#### [What the exercise asks]
Among the lines of the listing below, retype exactly those from the one containing "Erkek Indigo Kapüşonlu" through the one containing "Vintage Halcyon Days", both included. Do not include pictures.

#### [Provided entries]
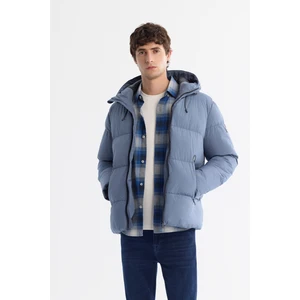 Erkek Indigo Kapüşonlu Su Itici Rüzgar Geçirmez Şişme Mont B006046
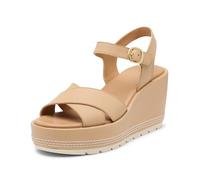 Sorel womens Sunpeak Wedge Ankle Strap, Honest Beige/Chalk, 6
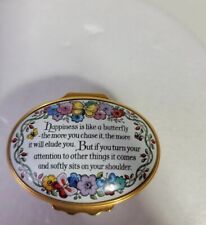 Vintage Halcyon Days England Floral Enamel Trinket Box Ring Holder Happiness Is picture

==

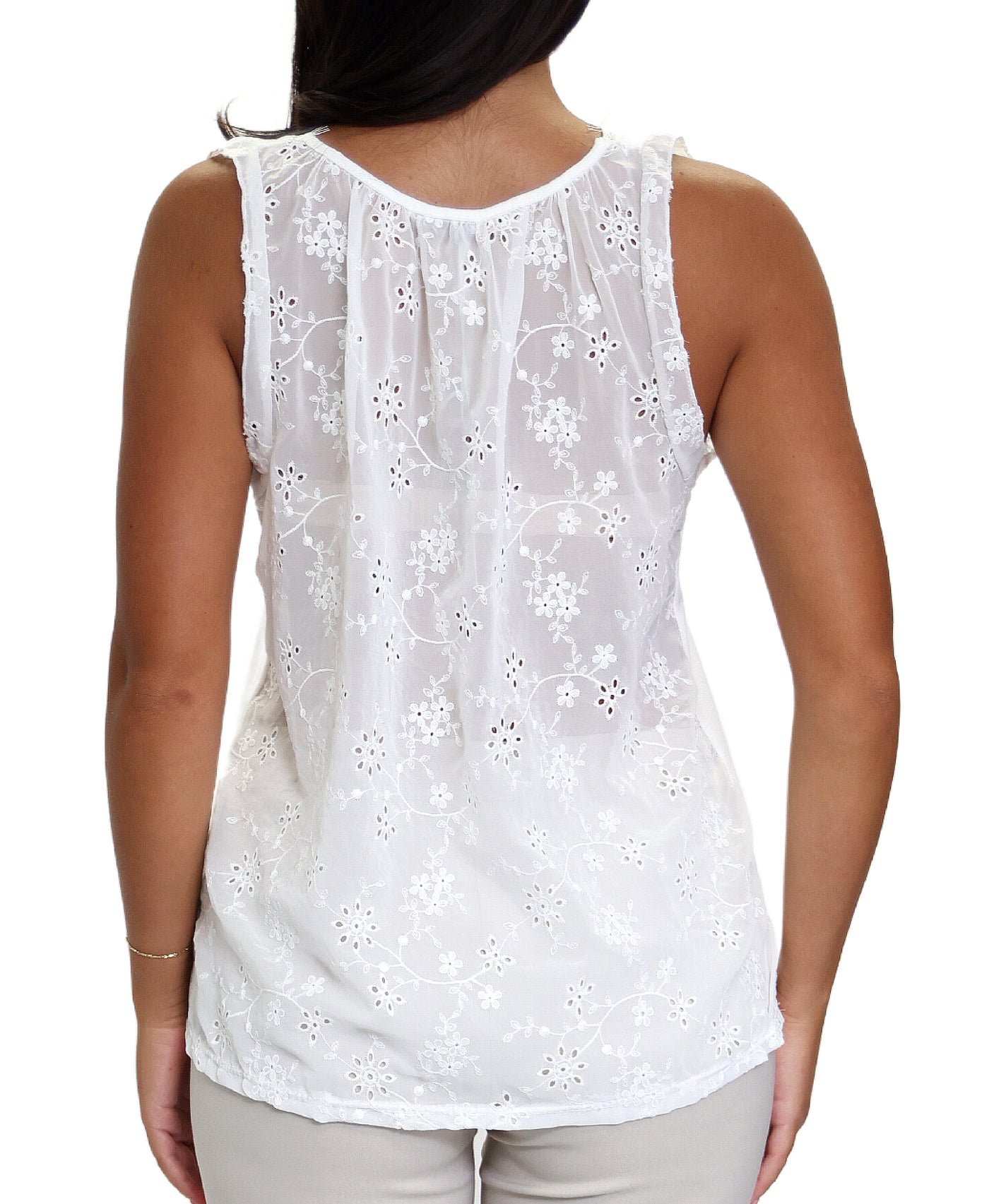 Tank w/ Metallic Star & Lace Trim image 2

#### [Completed task]
 Erkek Indigo Kapüşonlu Su Itici Rüzgar Geçirmez Şişme Mont B006046
 Sorel womens Sunpeak Wedge Ankle Strap, Honest Beige/Chalk, 6
 Vintage Halcyon Days England Floral Enamel Trinket Box Ring Holder Happiness Is picture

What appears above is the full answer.